*** Input data ***
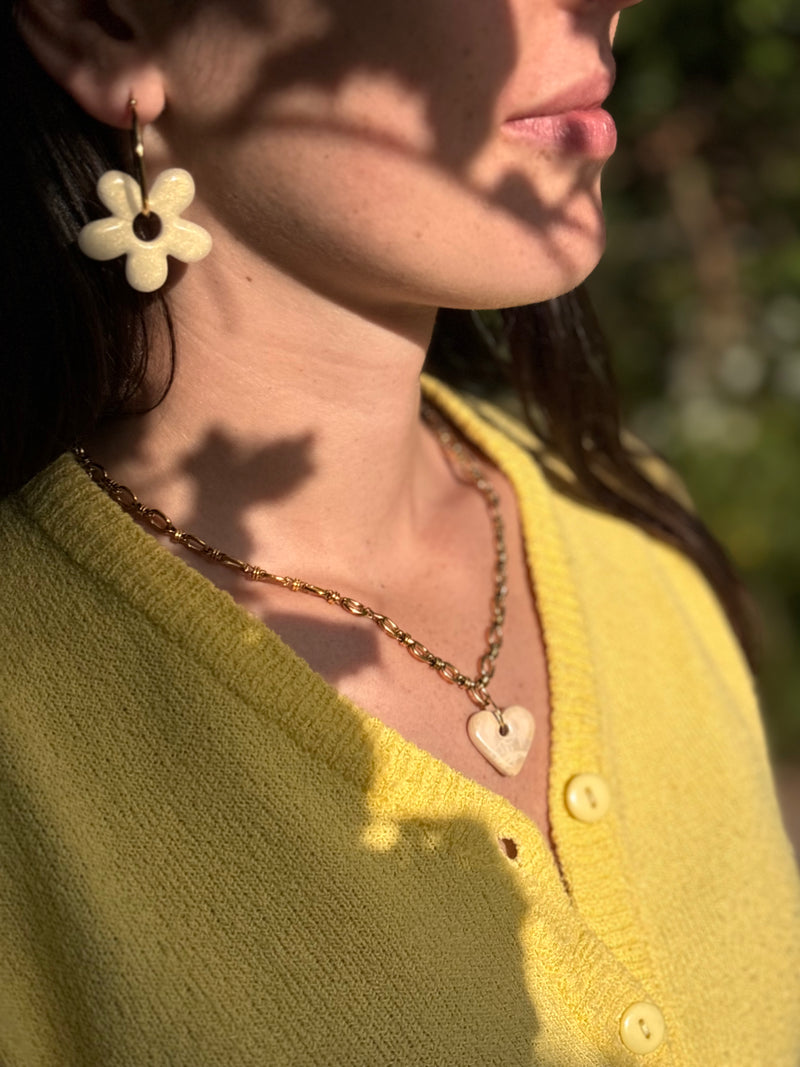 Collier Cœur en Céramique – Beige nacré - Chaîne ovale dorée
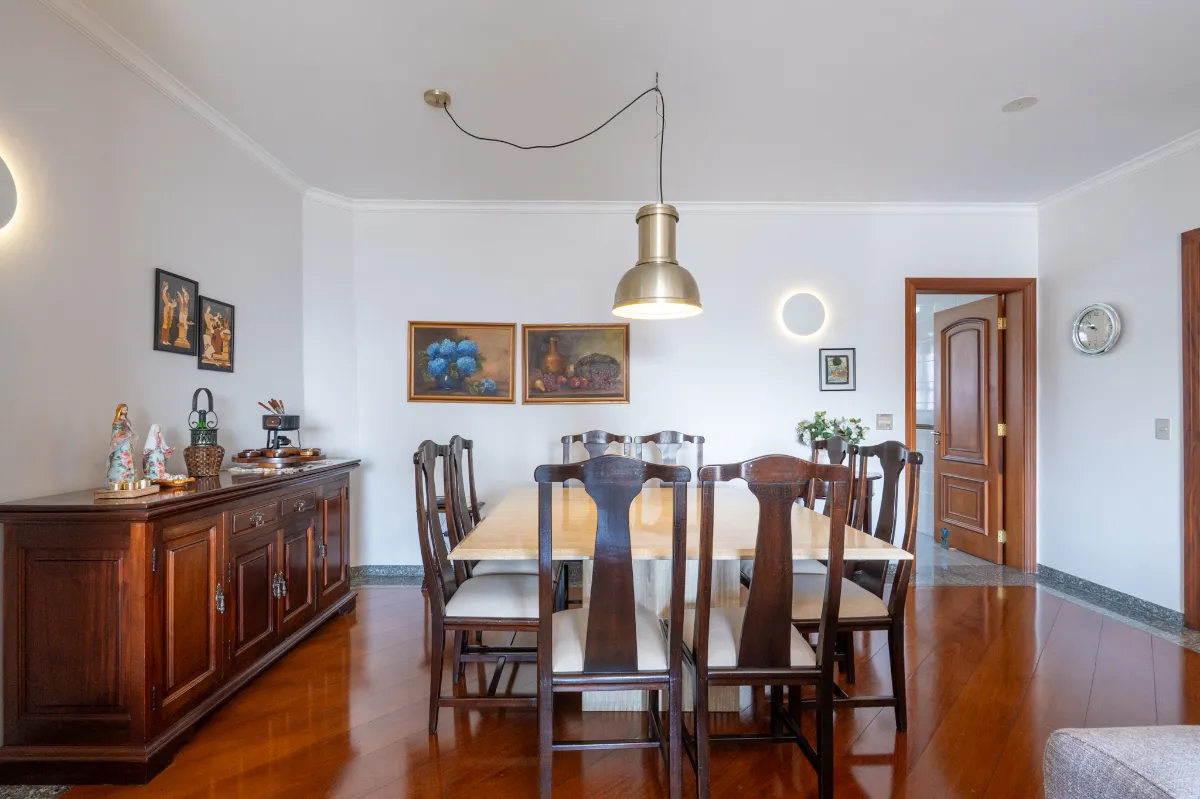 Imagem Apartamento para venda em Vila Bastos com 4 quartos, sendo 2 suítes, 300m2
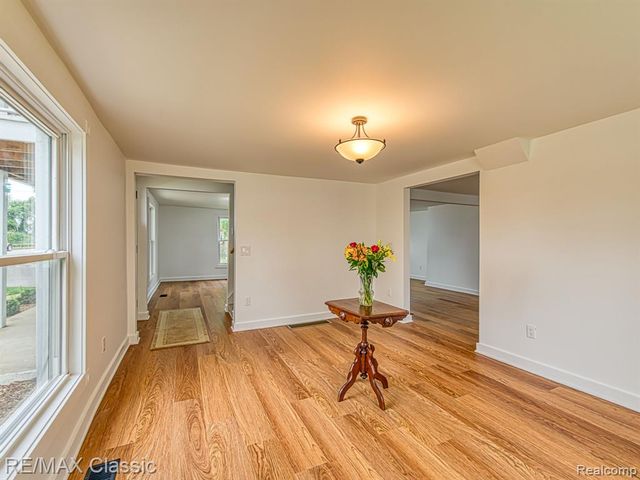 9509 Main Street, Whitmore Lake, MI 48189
*** End of Input data ***
### What to work on
In the listing above, retype exactly, and only, the lines from the one containing "Imagem Apartamento para" through the last line, both included. Omit the pictures.

### Exercise response
 Imagem Apartamento para venda em Vila Bastos com 4 quartos, sendo 2 suítes, 300m2
 9509 Main Street, Whitmore Lake, MI 48189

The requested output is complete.